Even with this new diagnosis, Heather continued to deteriorate for nearly six months before finding the right medications to help address her new needs.  

“At the time, I had become bed bound. I couldn’t even chew my food, and I could barely lift a fork to my mouth. It was really quite devastating because my son was four years old at the time and that is a very energetic age,” she said. “One of the things my husband and I struggled with was trying to communicate why I was sick to my four year old child.

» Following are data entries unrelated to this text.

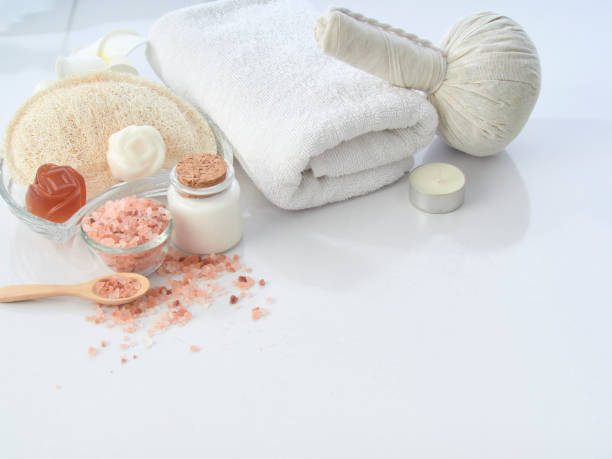 istock Beautiful spa composition with Herbal Compress Ball  on white background 1161218380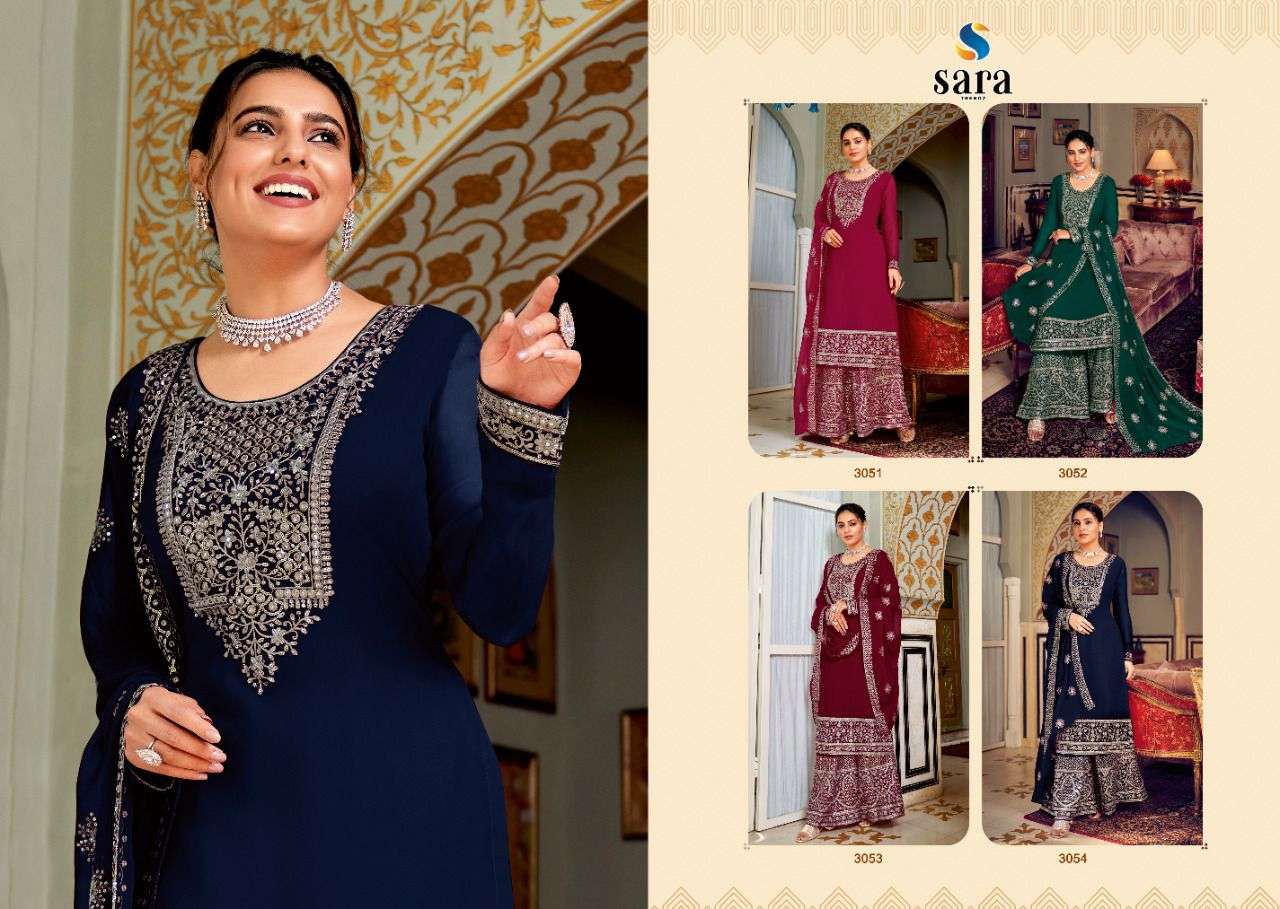 MORNI BY SARA TRENDZ 3051 TO 3054 SERIES BEAUTIFUL SHARARA SUITS COLORFUL STYLISH FANCY CASUAL WEAR & ETHNIC WEAR GEORGETTE EMBROIDERED DRESSES AT WHOLESALE PRICE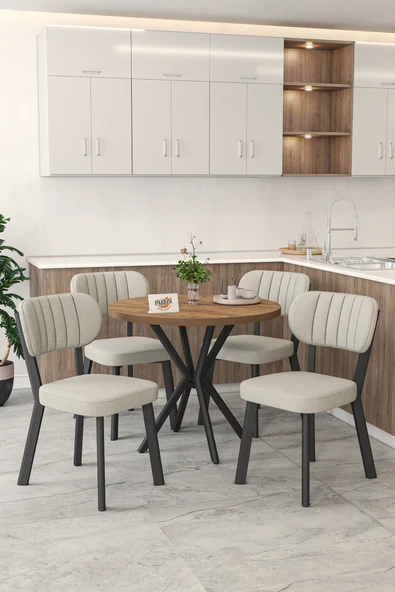 Mygusi Gnr 90cm Sabit Atlantik Mutfak Masası Takımı, Yemek Masası, 4 Modern Krem Sandalye ürün görseli 1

He didn’t understand that Sjögren's is an invisible disease for so many, so he couldn’t ‘see’ the ouchies or give me a Band-Aid.”  

The heartbreak that resulted from these ongoing misunderstandings led Heather to write a children’s book titled I’m The Biggest Helper With Momma’s Autoimmune Disease.  

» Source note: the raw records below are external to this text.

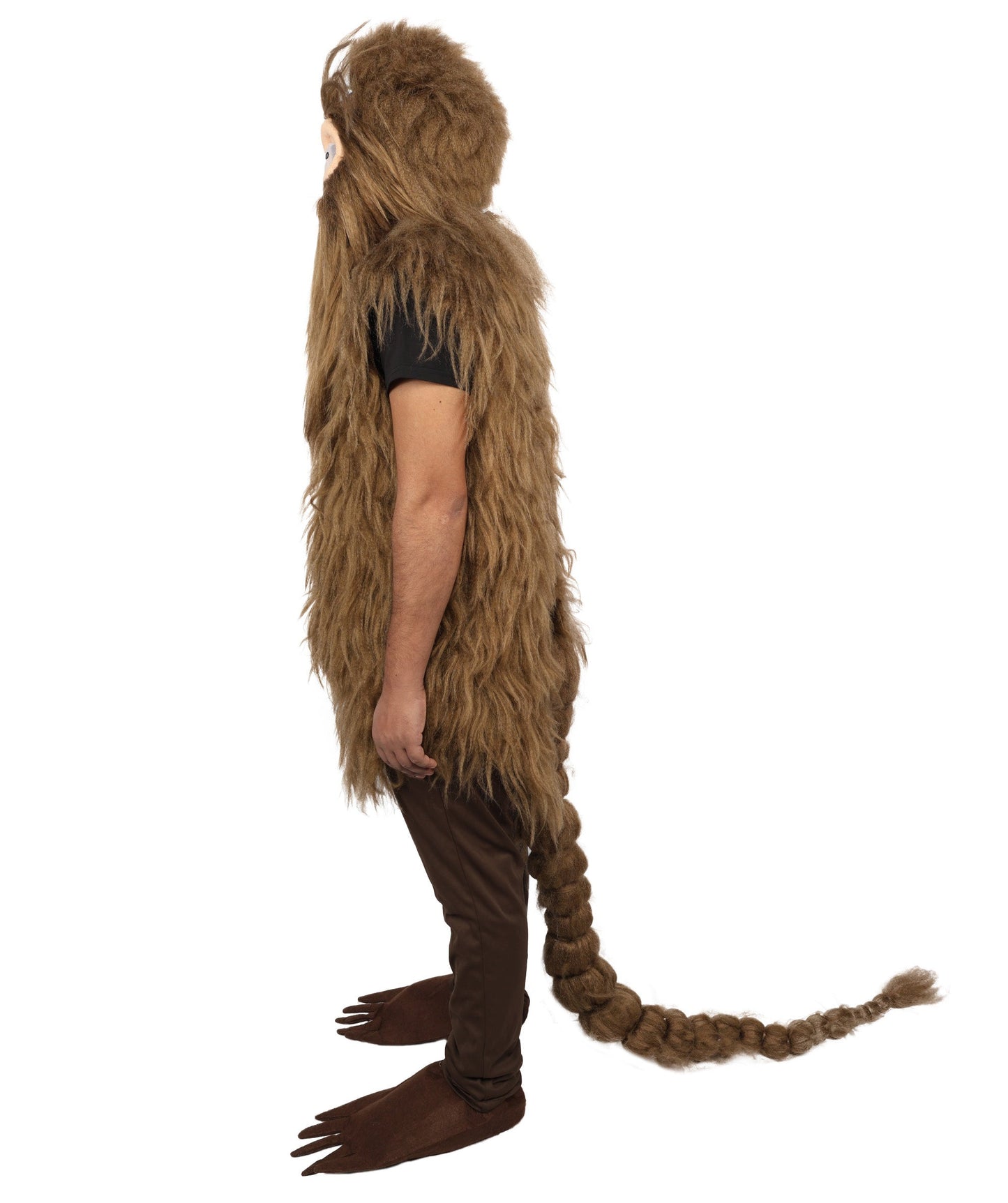Adult Brown Furry Monster Costume Bundle & Mask Set with Tail | Bodysuit with Head Mask for Men | for Halloween, Cosplay & Themed Parties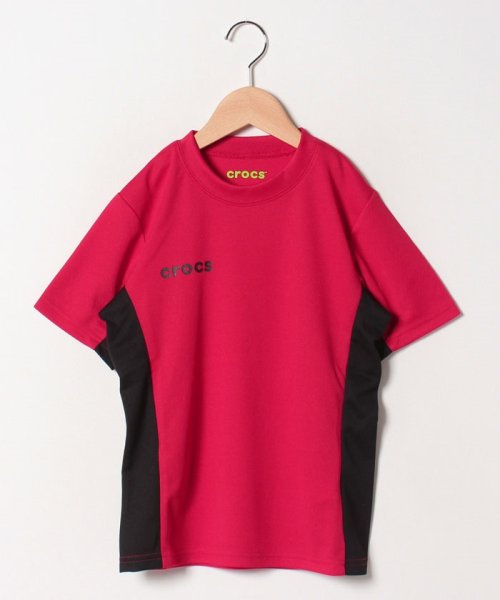 crocs(KIDS WEAR)(クロックス（キッズウェア）)/CROCSメッシュ素材半袖Tシャツ/レッド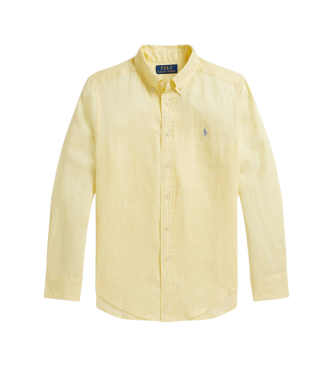 Polo Ralph Lauren unisex para niños. 323967600503 Camisa de lino amarillo (6/7años=136/138cm), Casual, Algodón, Manga larga, moda infantil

“The book is a tool that I built in my greatest time of need for my family, and it’s ultimately what helped my kid understand what my illness is,” she said. “It taught him that you can’t always see when somebody’s in pain, and it allowed me to show these age appropriate tasks, to share how helpful and compassionate he’s been, and to really speak from my soul to his.”  

This book helped to kickstart Heather’s advocacy journey. She originally sold copies of the book for charity, but once she started to share about the book – and her conditions – online, she found a significant Sjögren's community on TikTok. She now approaches her online advocacy with the same generosity she experienced from Sjögren's support groups.  

“My entire life changed the first time I went to an in person support group meeting with the Sjögren's Society of Canada. It was me and five other ladies. We shared our experiences, our feelings about our doctors, but then one person pulled a lip balm out of their purse and said it was magic,” she said. “So we all got our phones out and took a picture, then the next person recommended a new type of eye drop. This is where I learned that I needed to be using preservative free eyedrops, that that’s why my eyedrops were burning. That’s a core memory for me now: I want to help others feel less alone and more supported, the same feeling that those ladies gave to me.”  

Heather’s continued to expand her online reach, launching "The Sjögren's Roadmap" to continue providing resources to people on their chronic illness journeys, wherever they’re at.  

“I started by developing resources that I was needing, like a one page worksheet to help me prepare for my rheumatologist appointments,” she said. “I created worksheets for a medical binder, too, because people with complex health needs, we need to be our own advocates. This means we, unfortunately, need to organize our own health binders and navigate all of that.”  

In addition to providing first hand experiential knowledge to other people living with Sjögren's, Heather is working to teach people without chronic illnesses how to better support others.

“The best thing you can do to support a person with complex health conditions is to listen. Let them talk about it, really try to be an active listener, and seek to understand,” she said. “Don’t minimize the pain they’re in, and understand that so many diseases are invisible. Just because someone has a smile on their face doesn’t mean they’re not in pain.”